Get the total number of rows in both faulty and fault-free training data sets.
H1 = height(faultfreetraining); H2 = height(faultytraining);
The simulation run is the number of times the TEP process was repeated with a particular fault type. Get the maximum simulation run from the training data set as well as from the testing data set.
msTrain = max(faultfreetraining.simulationRun); msTest = max(faultytesting.simulationRun);
Calculate the maximum simulation run for the validation data.
rTrain = 0.80; msVal = ceil(msTrain*(1 - rTrain)); msTrain = msTrain*rTrain;
Get the maximum number of samples or time steps (that is, the maximum number of times that data was recorded during a TEP simulation).
sampleTrain = max(faultfreetraining.sample); sampleTest = max(faultfreetesting.sample);
Get the division point (row number) in the fault-free and faulty training data sets to create validation data sets from the training data sets.
rowLim1 = ceil(rTrain*H1); rowLim2 = ceil(rTrain*H2); trainingData = [faultfreetraining{1:rowLim1,:}; faultytraining{1:rowLim2,:}]; validationData = [faultfreetraining{rowLim1 + 1:end,:}; faultytraining{rowLim2 + 1:end,:}]; testingData = [faultfreetesting{:,:}; faultytesting{:,:}];
Network Design and Preprocessing
The final data set (consisting of training, validation, and testing data) contains 52 signals with 500 uniform time steps. Hence, the signal, or sequence, needs to be classified to its correct fault number which makes it a problem of sequence classification.
Long short-term memory (LSTM) networks are suited to the classification of sequence data.
LSTM networks are good for time-series data as they tend to remember the uniqueness of past signals in order to classify new signals
An LSTM network enables you to input sequence data into a network and make predictions based on the individual time steps of the sequence data.
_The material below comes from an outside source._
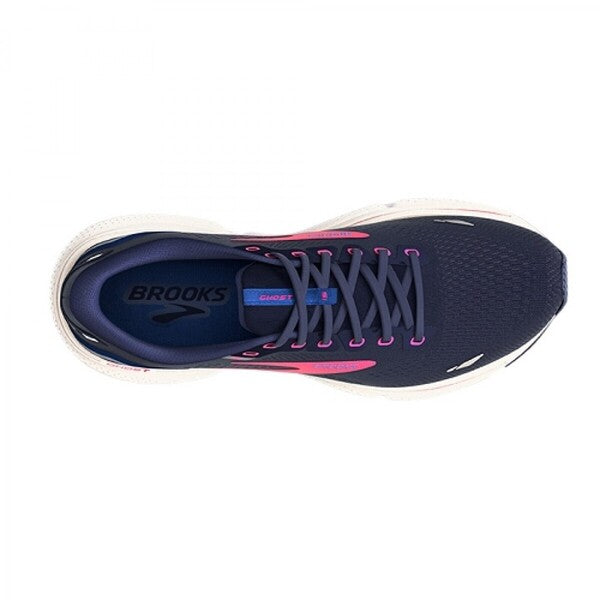 BROOKS GHOST 15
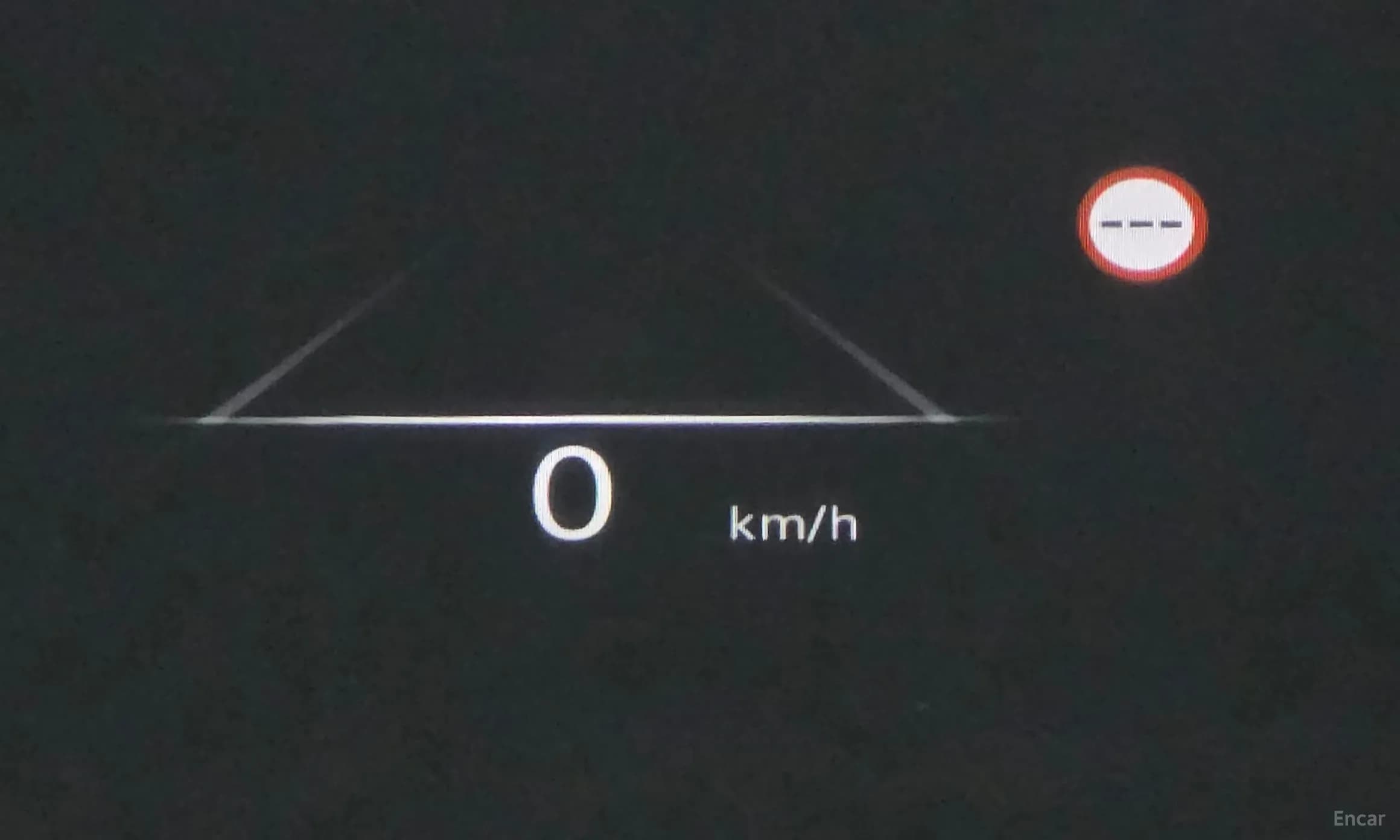 GV80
For more information on LSTM networks, see Long Short-Term Memory Neural Networks (Deep Learning Toolbox).
To train the network to classify sequences using the
trainnet
function, you must first preprocess the data. The data must be in cell arrays, where each element of the cell array is a matrix representing a set of 52 signals in a single simulation. Each matrix in the cell array is the set of signals for a particular simulation of TEP and can either be faulty or fault-free. Each set of signals points to a specific fault class ranging from 0 through 20.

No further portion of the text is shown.